# Old Time Woodworking



## TimC (Sep 17, 2009)

*Building a Spring Pole Lathe.....the base*










I have been moving towards hands tools and out of power tools lately. I sold my delta power planer *gasp* and bought some yellow pine lumber to build a spring pole lathe. I worked on it today and got the base "finished". For more details visit here . H ope you all have a great weekend in the shop.


----------



## donwilwol (May 16, 2011)

TimC said:


> *Building a Spring Pole Lathe.....the base*
> 
> 
> 
> ...


now we're getting into the vintage repro's. I like to watch, but I like my power to. I like the switch on my lathe, but can see the interest.


----------



## HalDougherty (Jul 15, 2009)

TimC said:


> *Building a Spring Pole Lathe.....the base*
> 
> 
> 
> ...


A spring pole lathe is great at craft fairs so people can watch you making something. I saw one at a craft show in Nashville, TN one Summer and talked to the guy for a while. Turns out he uses a regular lathe at home and only turns on his treadle lathe at shows. It still made a very effective sales tool.


----------



## superdav721 (Aug 16, 2010)

TimC said:


> *Building a Spring Pole Lathe.....the base*
> 
> 
> 
> ...


Nice pole lathe. I am interested in the outcome.


----------



## jjw5858 (Apr 11, 2011)

TimC said:


> *Building a Spring Pole Lathe.....the base*
> 
> 
> 
> ...


Great looking job on this ….you will love this once you get it going. Welcome to the world of foot powered turning…..it's addicting and a blast!

All the best,

Joe


----------



## TimC (Sep 17, 2009)

*tool gloat*

I have been trying to pick up some tools to allow me to do all my woodworking powerless (well electrical power anyway). I scan ebay a lot and take the mighty chance that what I get is in decent shape and can be restored and put back into use. Recently I scored 3 hand augers for $20 total. The sizes are 1", 1/2" and 2". The 2" one is massive and still pretty sharp, just a little rusty.

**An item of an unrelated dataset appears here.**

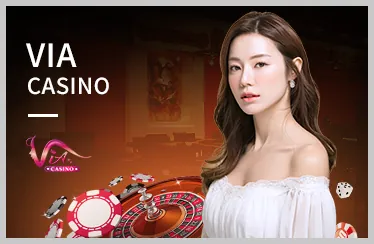 Người dùng đang lựa chọn nền tảng cá cược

I also just got in the mail yesterday 6 hand brace for a descent price. 3 are Stanley's, 2 I can't find a name on, and the blue handled one has Penncraft wrote on it. I will probably be reselling the 3 non Stanley's.


----------



## superdav721 (Aug 16, 2010)

TimC said:


> *tool gloat*
> 
> I have been trying to pick up some tools to allow me to do all my woodworking powerless (well electrical power anyway). I scan ebay a lot and take the mighty chance that what I get is in decent shape and can be restored and put back into use. Recently I scored 3 hand augers for $20 total. The sizes are 1", 1/2" and 2". The 2" one is massive and still pretty sharp, just a little rusty.
> 
> ...


Man oh man the fun I could have with those. Nice catch and good luck on the cleanup.


----------



## thedude50 (Aug 13, 2011)

TimC said:


> *tool gloat*
> 
> I have been trying to pick up some tools to allow me to do all my woodworking powerless (well electrical power anyway). I scan ebay a lot and take the mighty chance that what I get is in decent shape and can be restored and put back into use. Recently I scored 3 hand augers for $20 total. The sizes are 1", 1/2" and 2". The 2" one is massive and still pretty sharp, just a little rusty.
> 
> ...


you are now on the slippery slope


----------



## TimC (Sep 17, 2009)

TimC said:


> *tool gloat*
> 
> I have been trying to pick up some tools to allow me to do all my woodworking powerless (well electrical power anyway). I scan ebay a lot and take the mighty chance that what I get is in decent shape and can be restored and put back into use. Recently I scored 3 hand augers for $20 total. The sizes are 1", 1/2" and 2". The 2" one is massive and still pretty sharp, just a little rusty.
> 
> ...


I've tried the augers out in just random wood. I need to hurry up and clean them, I got that itch to start just making holes, haha.


----------



## jjw5858 (Apr 11, 2011)

TimC said:


> *tool gloat*
> 
> I have been trying to pick up some tools to allow me to do all my woodworking powerless (well electrical power anyway). I scan ebay a lot and take the mighty chance that what I get is in decent shape and can be restored and put back into use. Recently I scored 3 hand augers for $20 total. The sizes are 1", 1/2" and 2". The 2" one is massive and still pretty sharp, just a little rusty.
> 
> ...


Ahhhhh….....welcome to the club….the addiction is just beginning….lol. Very nice scores on these clean them up and enjoy!


----------



## TimC (Sep 17, 2009)

TimC said:


> *tool gloat*
> 
> I have been trying to pick up some tools to allow me to do all my woodworking powerless (well electrical power anyway). I scan ebay a lot and take the mighty chance that what I get is in decent shape and can be restored and put back into use. Recently I scored 3 hand augers for $20 total. The sizes are 1", 1/2" and 2". The 2" one is massive and still pretty sharp, just a little rusty.
> 
> ...


Thanks JLB. I will be cleaning them up tomorrow and hopefully they will go into work soon.


----------



## TimC (Sep 17, 2009)

*Shop Dogs & Pole Lathes*


----------



## jjw5858 (Apr 11, 2011)

TimC said:


> *Shop Dogs & Pole Lathes*


You will have fun with this setup. Have a great time with it! Thanks for the post my friend.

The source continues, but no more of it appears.